A step-by-step tutorial on Cell BE programming by Manoel T. F. Cunha, D.Sc.

Conteúdo

HELLO WORLD

SPE Runtime Management Library Version 1 to Version 2 Migration Guide

Hello World
hello_ppu.c ( non-threaded )

#include<stdio.h>
#include<libspe2.h>
extern spe_program_handle_t hello_spu;
int main(void) {
  spe_context_ptr_t context;
  unsigned int entry = SPE_DEFAULT_ENTRY;
  // initialize context data structure
  context = spe_context_create(0,NULL);
  if (context == NULL) printf("context_create error\n");
  // load executable into the SPE's local store
  if (spe_program_load(context,&hello_spu))
    printf("program_load error\n");
  if (spe_context_run(context,&entry,0,NULL,NULL,NULL) < 0)
    printf("context_run error\n");
  // release associated resources and free memory
  spe_context_destroy(context);
  printf ("Hello world ! PPU\n");
  return 0;
}

hello_ppu.c ( single-threaded )

#include<stdio.h>
#include<libspe2.h>
#include<pthread.h>
// A secondary function must be defined
// which is passed to the pthread_create function.
// The secondary function should run the SPU context.
void *ppu_pthread_function(void *arg) {
  spe_context_ptr_t context = *(spe_context_ptr_t *) arg;
  unsigned int entry = SPE_DEFAULT_ENTRY;
  spe_context_run(context,&entry,0,NULL,NULL,NULL);
  pthread_exit(NULL);
}
extern spe_program_handle_t hello_spu;
int main(void) {
  spe_context_ptr_t context;
  pthread_t pthread;
  context = spe_context_create(0,NULL);
  spe_program_load(context,&hello_spu);
  pthread_create(&pthread,NULL,&ppu_pthread_function,&context);
  pthread_join(pthread,NULL);
  spe_context_destroy(context);
  printf ("Hello world ! PPU\n");
  return 0;
}

hello_spu.c

#include<stdio.h>
int main(unsigned long long speid) {
  printf ("Hello world ! SPU\n");
  return 0;
}

Makefiles
export CELL_TOP=/opt/cell/sdk
PPU Makefile

DIRS := spu
PROGRAM_ppu := hello_ppu
IMPORTS := spu/hello_spu.a -lspe2 -lpthread
include $(CELL_TOP)/buildutils/make.footer

SPU Makefile

PROGRAM_spu := hello_spu
LIBRARY_embed := hello_spu.a
include $(CELL_TOP)/buildutils/make.footer

Context
A data structure that contains all the persistent information about an SPE.

spe_context_ptr_t spe_context_create (unsigned int flags, spe_gang_context_ptr_t gang)

  • flags : a bit-wise OR of modifiers.
  • gang : group of contexts.


int spe_program_load (spe_context_ptr context, spe_program_handle_t *program)

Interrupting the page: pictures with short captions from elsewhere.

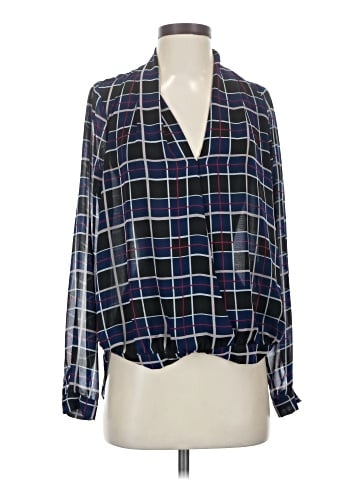 Lovers + Friends Long Sleeve Blouse (view 1)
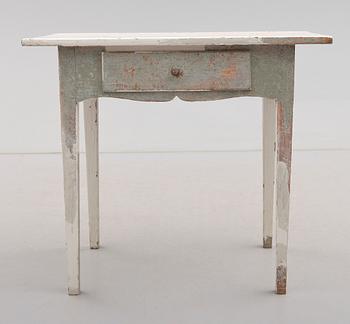 BORD, allmoge, 1800-talets första hälft.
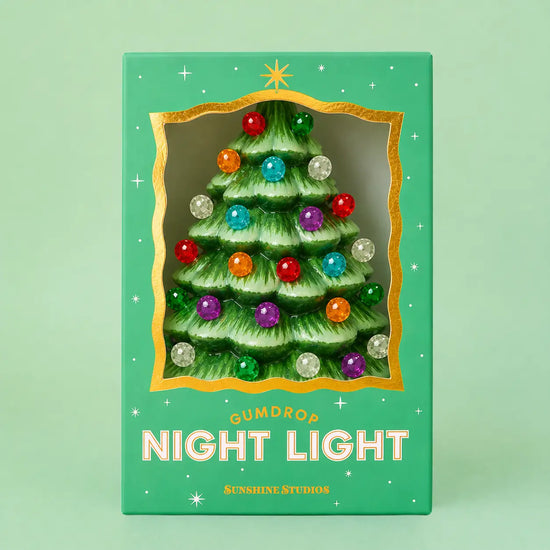 Christmas Tee Night Light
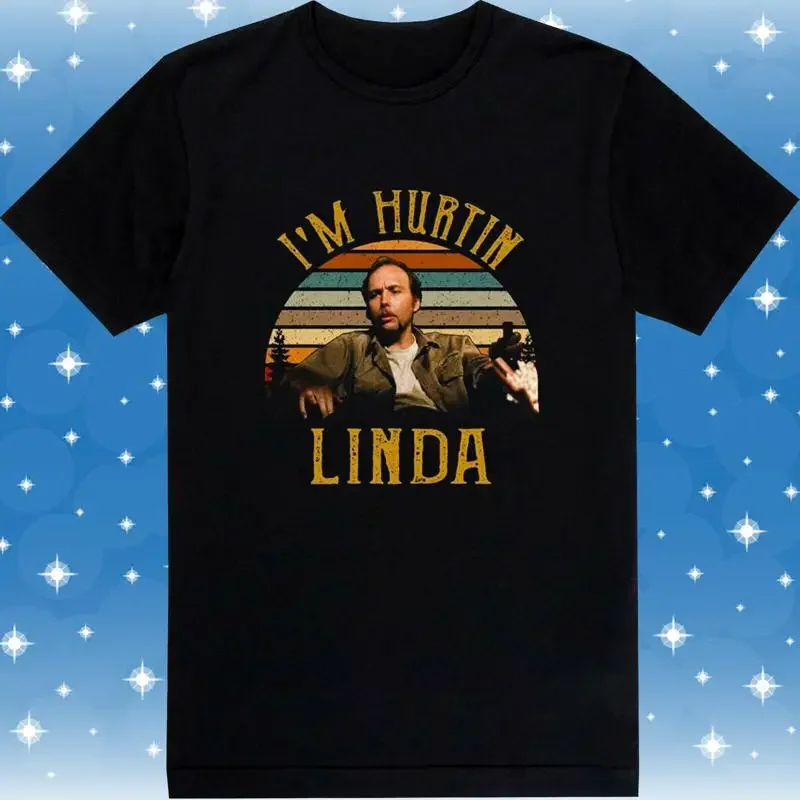 New Doyle Hargraves Sling Blade I'M Hurting Linda T Shirt Us Size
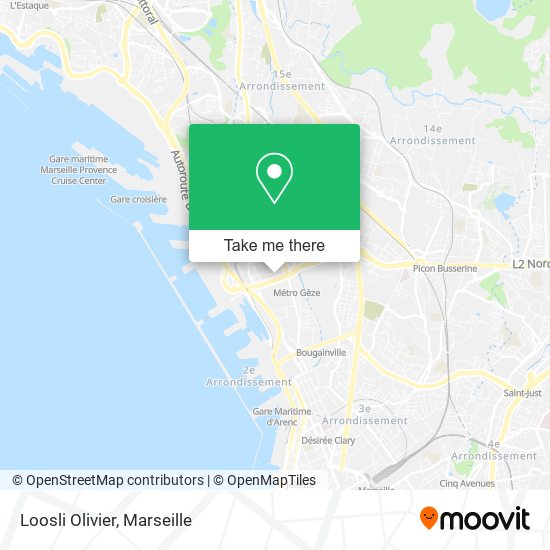 Loosli Olivier map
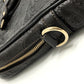 GUCCI 201480 Shima Line Handbag/Bag/Business Bag/Briefcase Leather Men's Brown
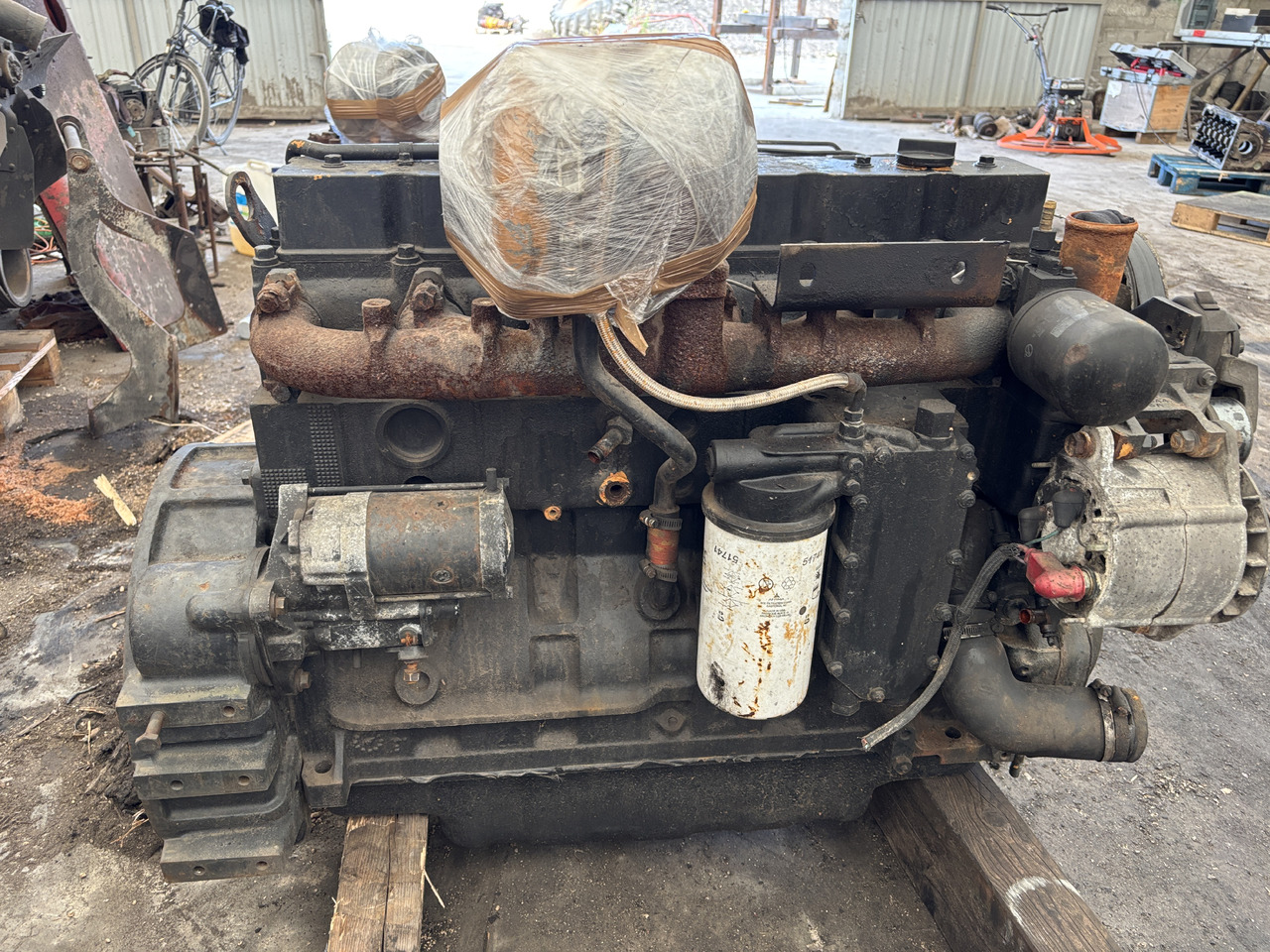 Motor para Maquinaria de construcción Cummins 6CT  6CTA  6CTAA 8.3  6T830 6T-830 - silnik kompletny: foto 6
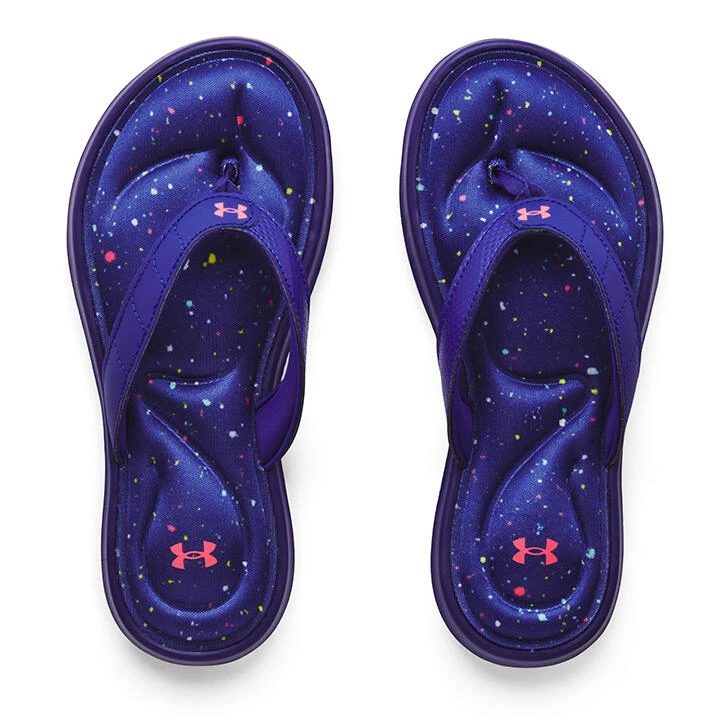 Under Armour Marbella VII Graphic Girl's Sandals 2 Under Armour Marbella VII Graphic Girl's Sandals - Image 2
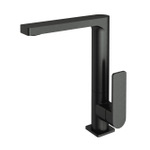 Hotbath Gal Ensemble de robinet mélangeur Bec tournant Finition Gunmetal brossé PVD SW656133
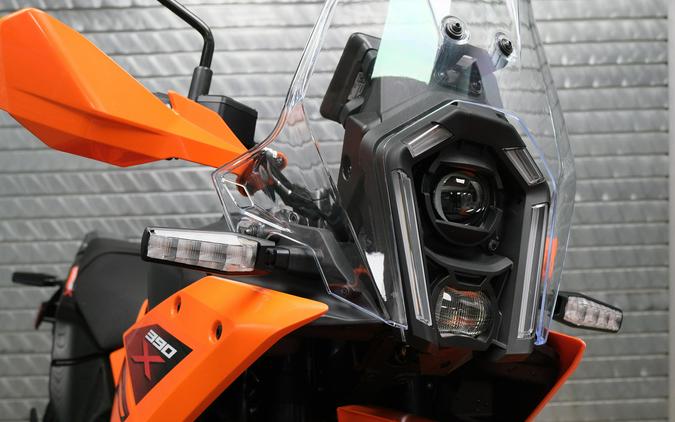 2026 KTM 390 ADVENTURE X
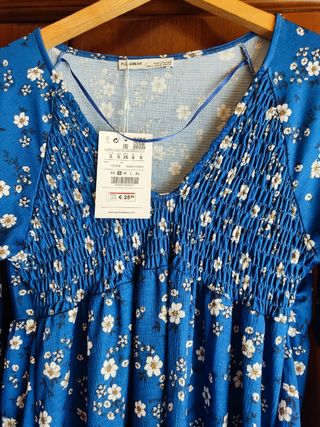 Vestido entretiempo nuevo TallaS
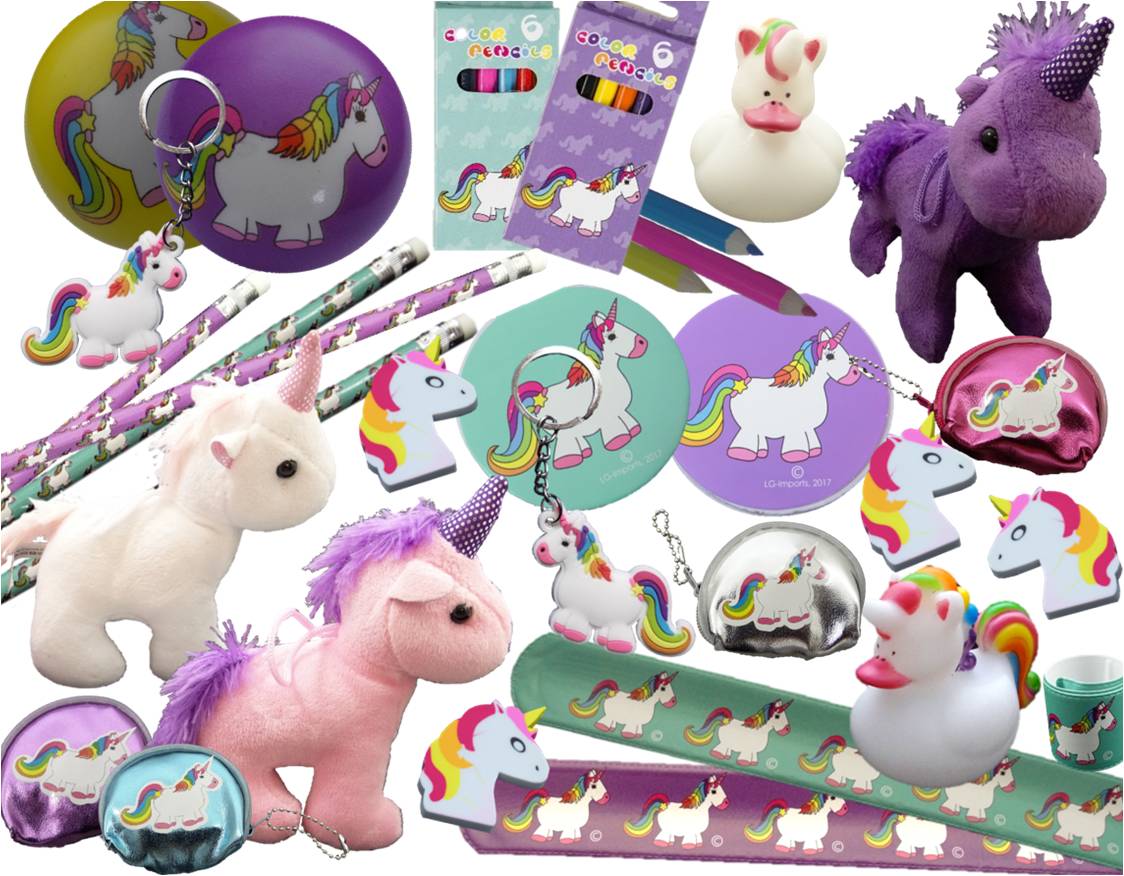 Einhorn-Sortiment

  • context : SPU identifier.
  • program : program to be loaded into the LS.


int spe_context_run (spe_context_ptr_t context, unsigned int *entry, unsigned int flags, void *argp, void *envp, spe_stop_info_t *stopinfo)

  • context : SPU identifier.
  • entry : program' starting instruction pointer.
  • flags : a bit-wise OR of modifiers.
  • argp : optional pointer to application specific data. It is passed as the second parameter of the SPU program.
  • envp : optional pointer to environment specific data. It is passed as the third parameter of the SPU program.
  • stopinfo : optional pointer to a structure that provides information about the termination condition.
read more on Programming Tutorial ...


MAILBOXES

Mailboxes
mbox_ppu.c

#include <stdio.h>
#include <libspe2.h>
#include <pthread.h>
void *ppu_pthread_function(void *arg) {
  spe_context_ptr_t context = *(spe_context_ptr_t *) arg;
  unsigned int entry = SPE_DEFAULT_ENTRY;
  spe_context_run(context,&entry,0,NULL,NULL,NULL);
  pthread_exit(NULL);
}
extern spe_program_handle_t mbox_spu;
int main(void) {
  spe_context_ptr_t context[8];
  pthread_t pthread[8];
  unsigned int i;
  for (i=0;i<8;i++) {
    context[i] = spe_context_create(0,NULL);
    spe_program_load(context[i],&mbox_spu);
    pthread_create(&pthread[i],NULL,&ppu_pthread_function,&context[i]);
  }
  // write SPU ids using mailboxes
  for (i=0;i<8;i++)
    if (spe_in_mbox_write(context[i],&i,1,SPE_MBOX_ANY_NONBLOCKING) == 0)
      printf("Message could not be written\n");
  for (i=0;i<8;i++) {
    pthread_join(pthread[i],NULL);
    spe_context_destroy(context[i]);
  }
  printf ("End of PPU thread\n");
  return 0;
}

mbox_spu.c

#include<stdio.h>
#include<spu_mfcio.h>
int main(unsigned long long speid) {
  // read SPU id using mailbox
  unsigned int spu_id = spu_read_in_mbox();
  printf ("Hello world ! SPU %i\n",spu_id);
  return 0;
}

Mailboxes
  • To exchange 32 bits short messages
    • storage addresses
    • control communication
      • program status
      • completion flags
  • An SPE has one mailbox for receiving messages
    • SPU Read Inbound Mailbox
      • 4 deep
      • can be overwritten (message can be lost)
      • SPU stalls on reading empty mailbox
  • An SPE has two mailboxes for sending messages
    • SPU Write Outbound Mailbox
      • 1 deep
      • SPU stalls writing to full mailbox
    • SPU Write Outbound Interrupt Mailbox

int spe_in_mbox_write (spe_context_ptr_t context, unsigned int *data, int count, unsigned int behavior)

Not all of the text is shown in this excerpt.